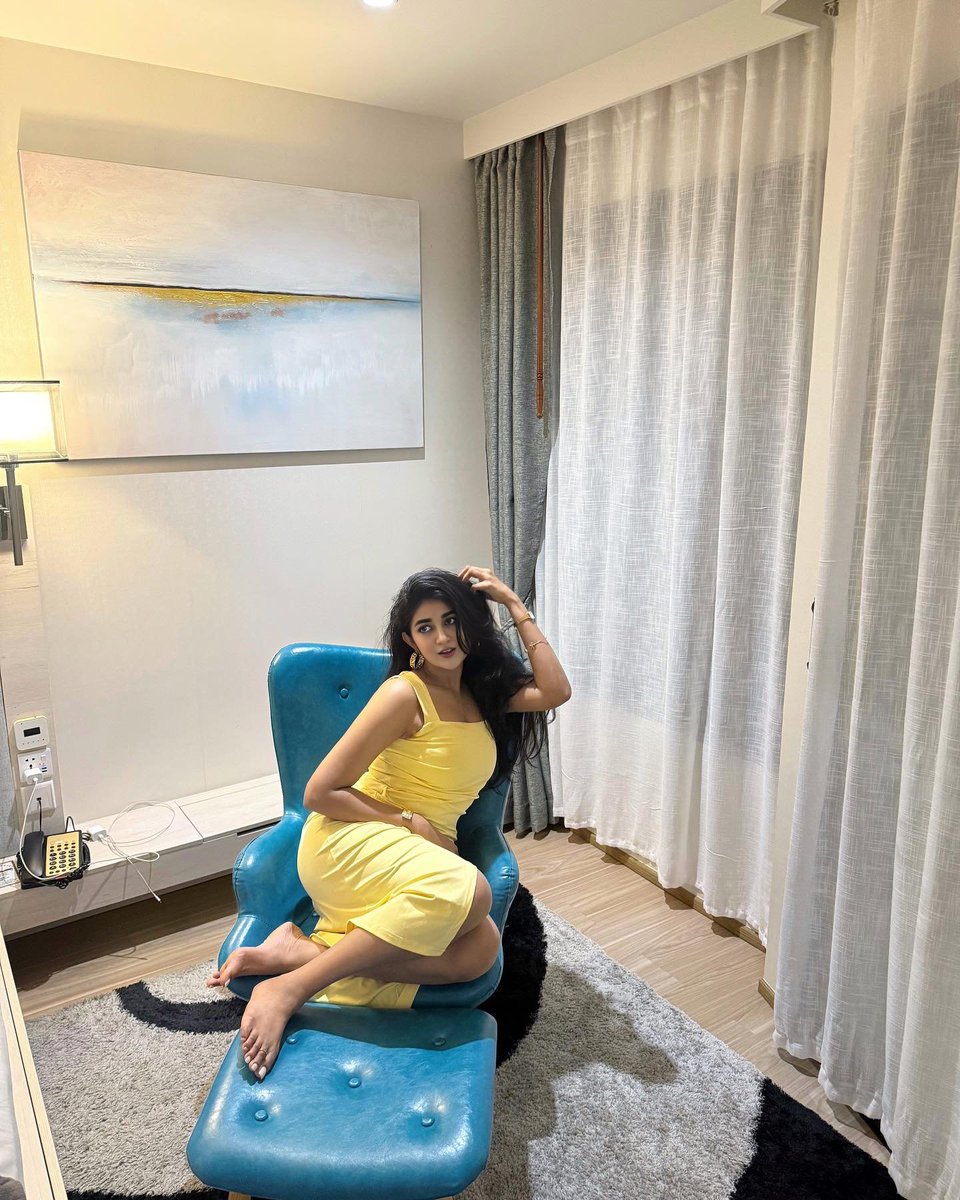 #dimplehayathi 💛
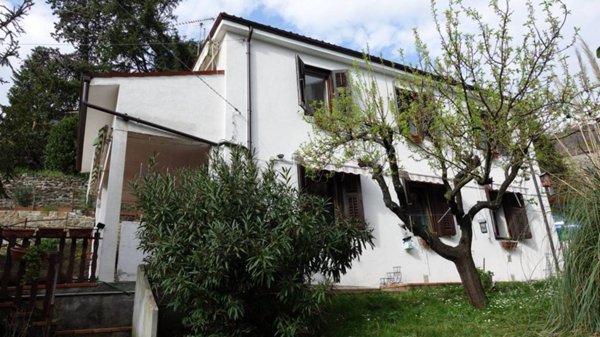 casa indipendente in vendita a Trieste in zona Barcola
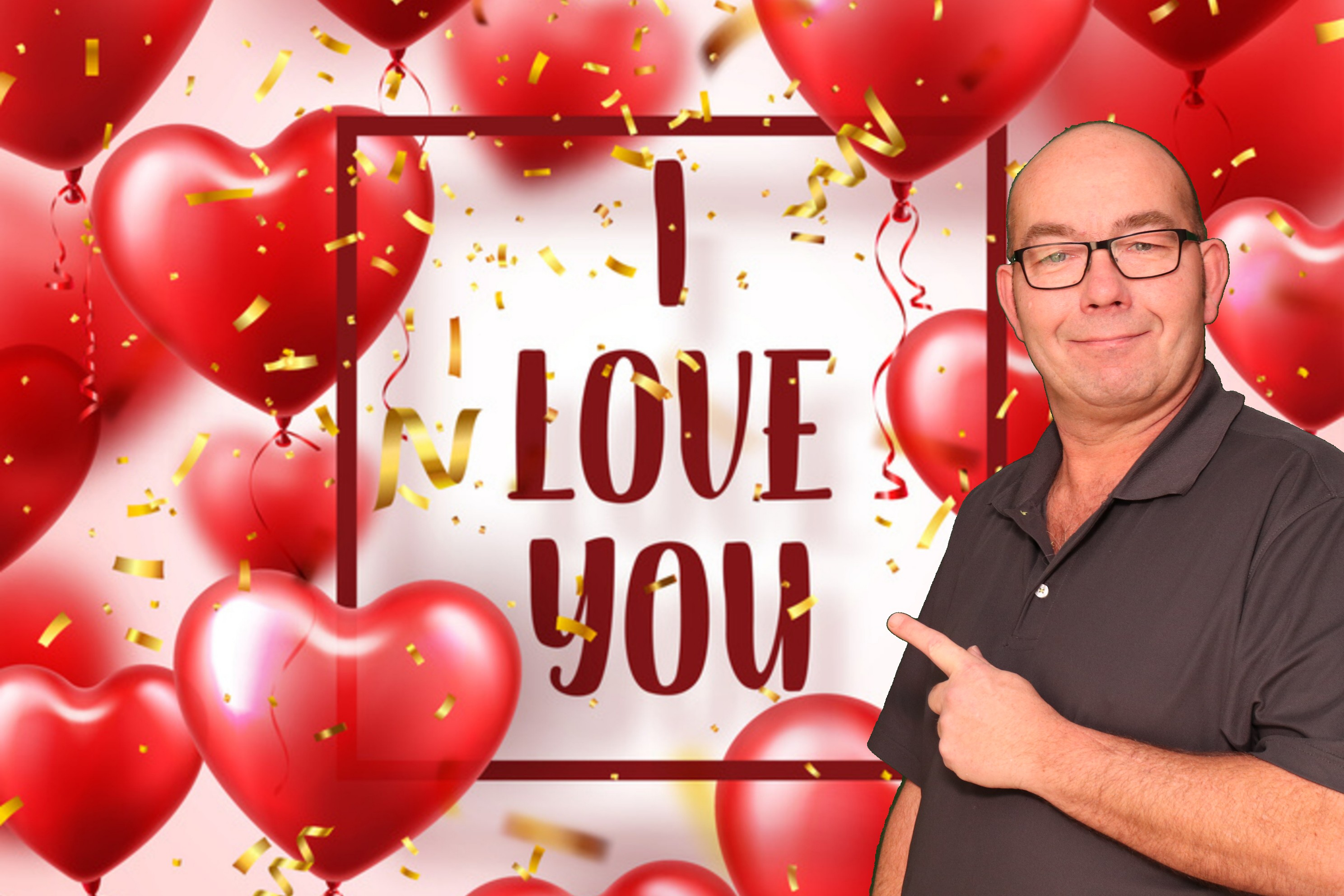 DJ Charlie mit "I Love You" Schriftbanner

--

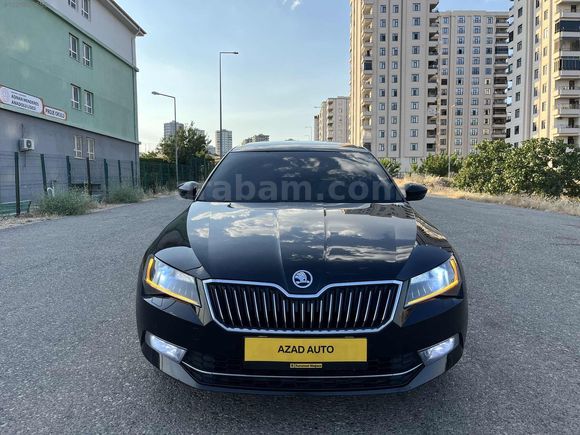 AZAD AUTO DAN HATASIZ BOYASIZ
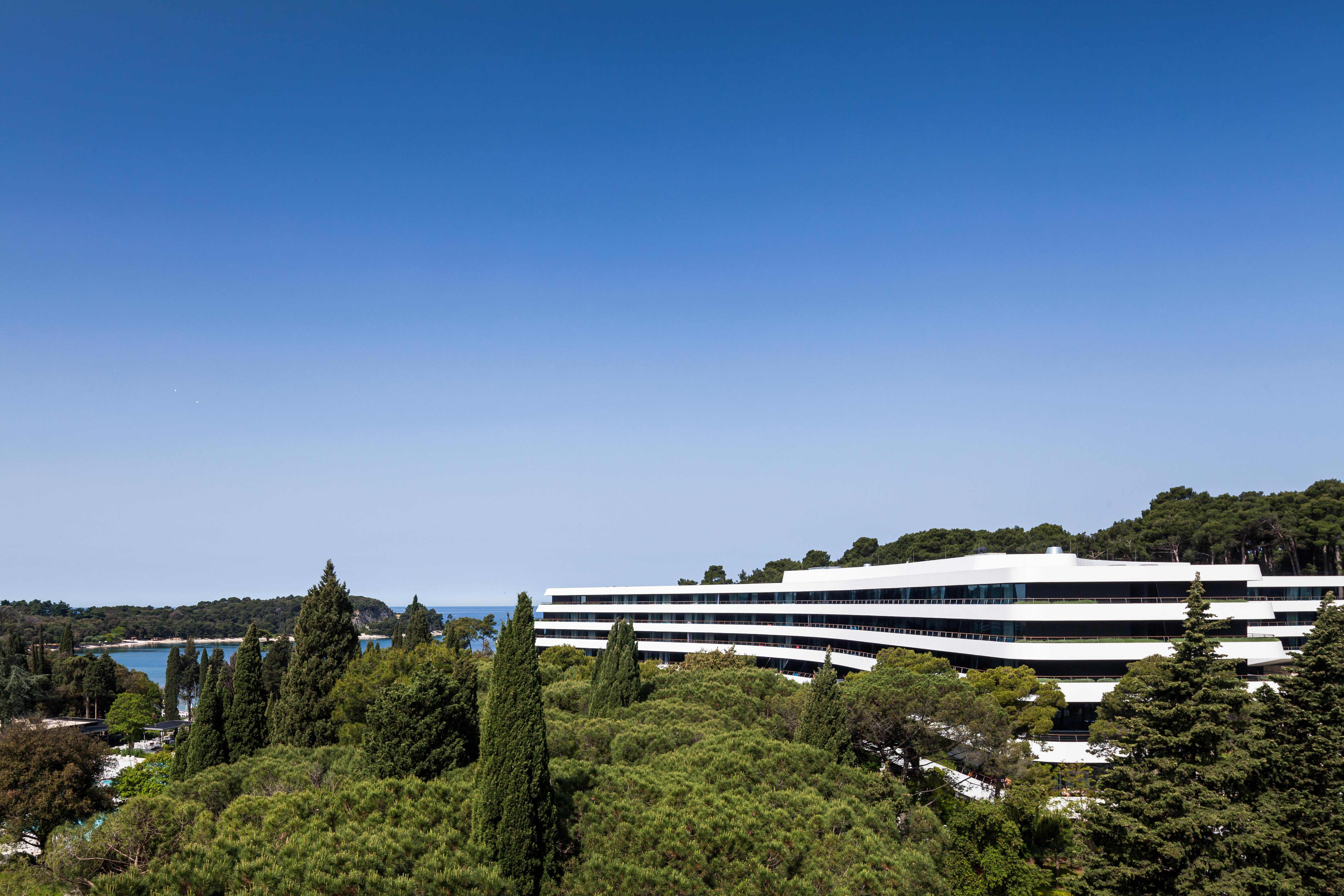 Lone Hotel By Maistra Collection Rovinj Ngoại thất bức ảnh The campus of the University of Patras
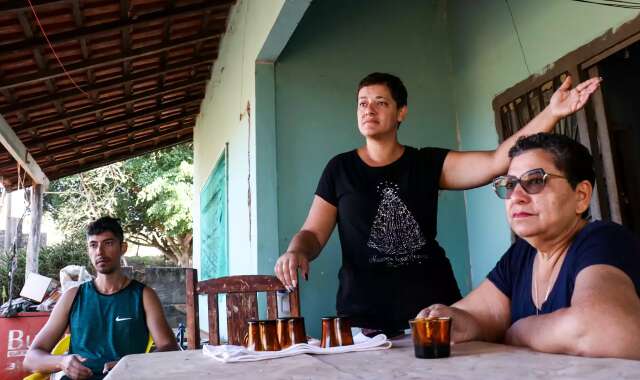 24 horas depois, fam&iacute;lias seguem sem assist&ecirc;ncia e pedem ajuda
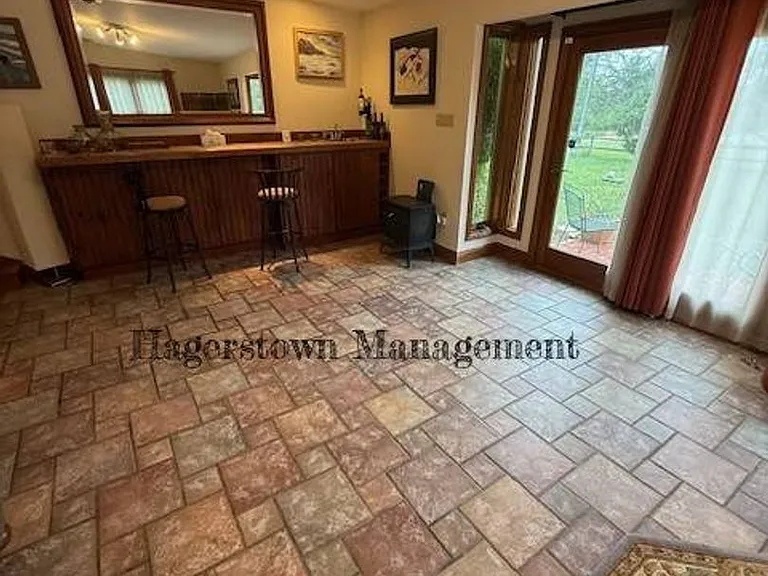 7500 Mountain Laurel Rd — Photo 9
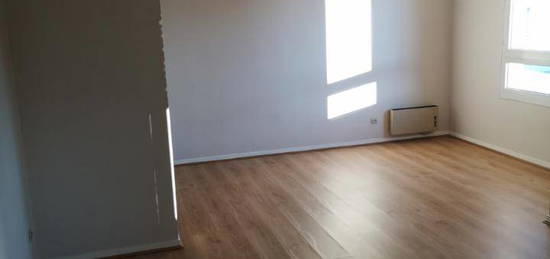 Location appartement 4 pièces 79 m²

...

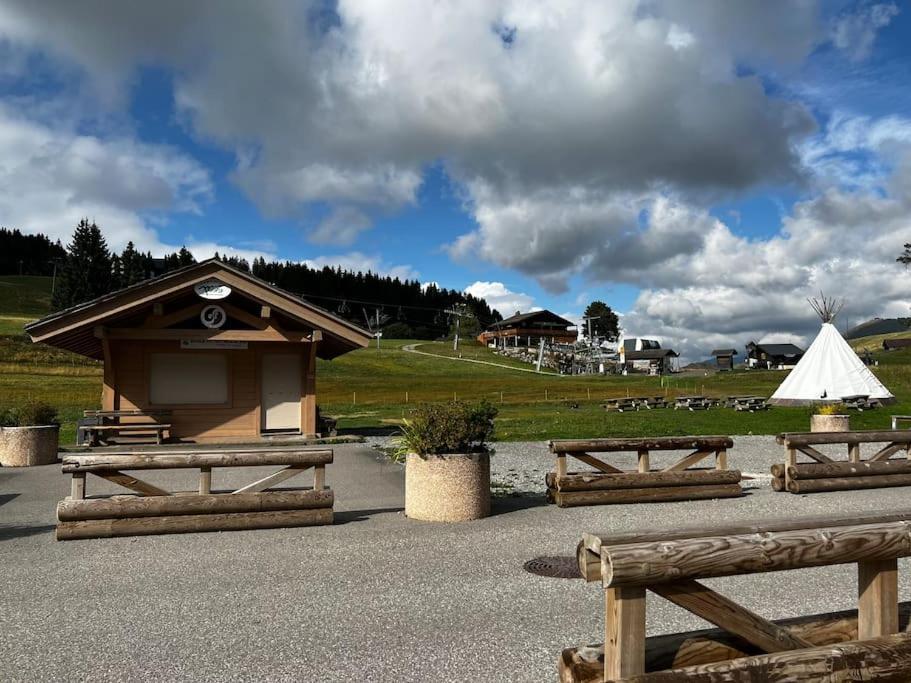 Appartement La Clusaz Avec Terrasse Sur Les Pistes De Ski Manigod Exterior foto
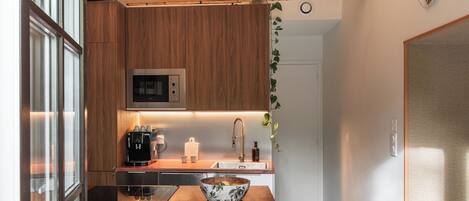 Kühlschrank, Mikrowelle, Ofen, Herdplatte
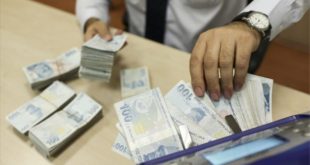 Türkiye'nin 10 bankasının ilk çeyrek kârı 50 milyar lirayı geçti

§ **ASSIGNMENT**
Above are some records; extract exactly the lines from the one containing "Lone Hotel By" through the one containing "Location appartement 4 pièces 79 m²" and drop the pictures.

§ **SOLUTION TO THIS TASK**
 Lone Hotel By Maistra Collection Rovinj Ngoại thất bức ảnh The campus of the University of Patras
 24 horas depois, fam&iacute;lias seguem sem assist&ecirc;ncia e pedem ajuda
 7500 Mountain Laurel Rd — Photo 9
 Location appartement 4 pièces 79 m²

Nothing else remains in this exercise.